Now you say you never fully understood derivatives. We're not yet into their maths, just into what they mean. Derivatives in science basically rates of change of one thing with another, more often than not - and in our case - rates of change with time. So d[NOBr]/dt is the rate of change of [NOBr] with time.

On your fig. you've got [NOBr] and you've got time. How are you going to get this rate of change at any point from the fig? What are its units?

And by the way you can already quickly get a fair estimate of a half-life looking at that fig. About what would you say?

 

[schu9600]

So based on the graph the half life would be approximately 20 seconds.
Umm for the rate of change of the concentration would you take the slope of the tangent line at a spot on the graph? Or is there a way to get the change of concentration for the whole thing not just an instantaneous point.

Thanks for your help by the way.

 

[epenguin]

So based on the graph the half life would be approximately 20 seconds.
Umm for the rate of change of the concentration would you take the slope of the tangent line at a spot on the graph? Or is there a way to get the change of concentration for the whole thing not just an instantaneous point.

Thanks for your help by the way.

OK around 20 sec according to your fig. By the way I am wondering how the measurements in this experiment were done. How reaction was started. (Stuff was probably started somehow a time before the t=0 point.) Also why it wasn't measured for longer. Or wasn't there an experiment, were you just given numbers?

Yes I would take the rate at say half a dozen different times by slopes, after drawing a curve freehand. Then you'd get values for rates at different concentrations. You can plot those against what? , well concentration, and then try concentration squared so you can see whether it looks to be fitting one or the other of those two equations you gave, or at least one better than the other. And if it does fit either approximately or well you can obtain a rate constant according to equations you already gave.

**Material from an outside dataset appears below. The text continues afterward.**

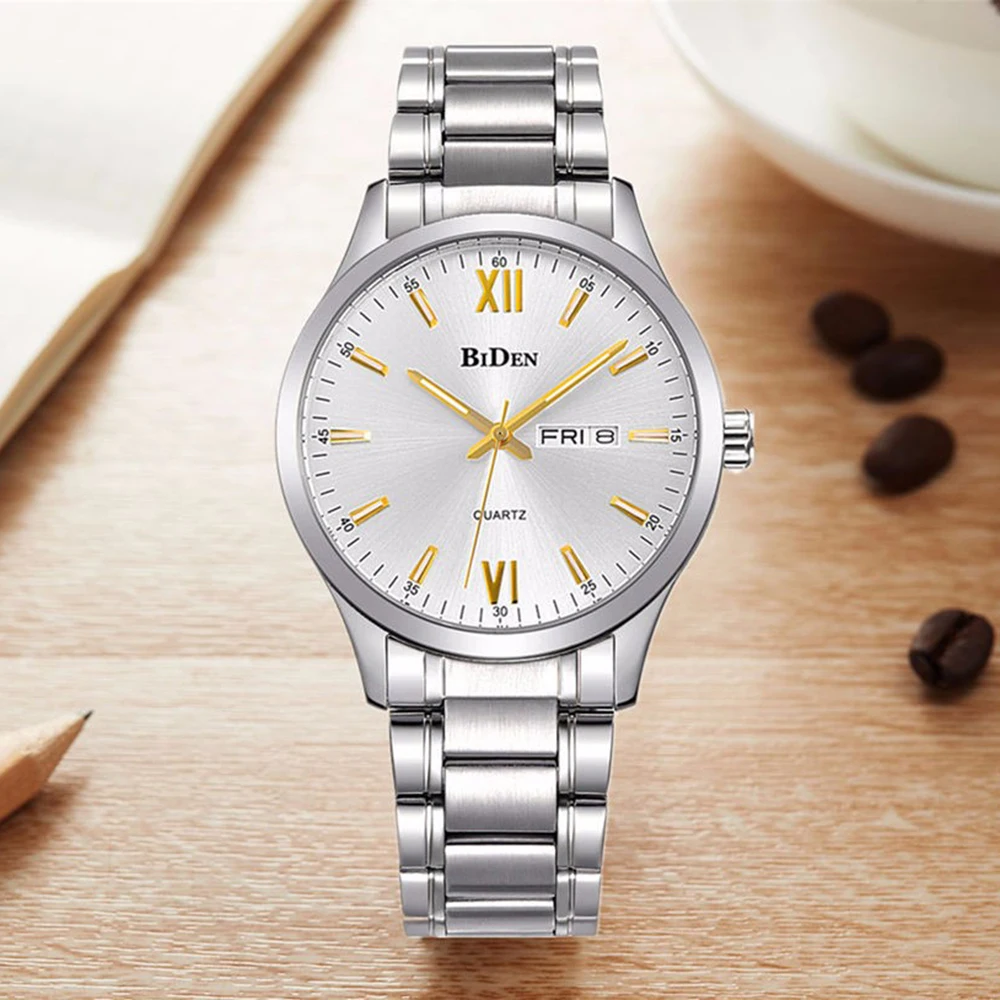 BIDEN часы для мужчин s сталь кварцевые наручные часы Дата дисплей бизнес стиль для мужчин водонепроницаемый браслет часы модные часы подарки reloj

Yes it is true there are better ways to assess the fit and the rate constants, ("integrated rate equations"). But you will get reasonably close this way and the point is you will understand all of what you are doing. You can do the procedure for the other ways, but understanding why they work needs a bit of math you say you don't have.

Look it's 4 a.m where I am, I got to go! Maybe SOMEONE ELSE CAN TAKE OVER?

I just leave you with this thought. For a first-order reaction the half-life is constant whatever point you start from, say at 0 sec or 10 sec or 20 sec. For a 2nd order one it isn't. Maybe you can think about how or why that is.

 

[epenguin]

I just leave you with this thought. For a first-order reaction the half-life is constant whatever point you start from, say at 0 sec or 10 sec or 20 sec. For a 2nd order one it isn't. Maybe you can think about how or why that is.

Mind you there may be not much scope for seeing that when they have only followed the reaction not much more than half way down. But the principle is more general. The time it takes for the concentration to fall from any point in time to e.g. 75% or any other given % of what it was at that time is the same for all starting times with a first order reaction.

Also quick early indication of the type of kinetics could be obtained by this reasoning: at t = t_1/2 the rate is what fraction of that at t = 0 for a first-order reaction, and for a second order reaction?

We'll wait to see the rate plots.

It occurred to me today that this reasoning:

I was thinking the NOBr would be a first order reaction because there is no coefficient in front of it in the equation so it would not be raised to any power (or it would be a power of 1).

is very dubious apart from what I said before about it. You have not taken into account the way they wrote the equation giving a half-molecule product! NOBr (g) → NO (g) + ½ Br₂ (g). I don't say a Br atom or radical couldn't be formed as a stage of the mechanism but a half-molecule surely isn't final product! They do not mean you to understand that it is even, it is just a manner of representing the stoichiometry.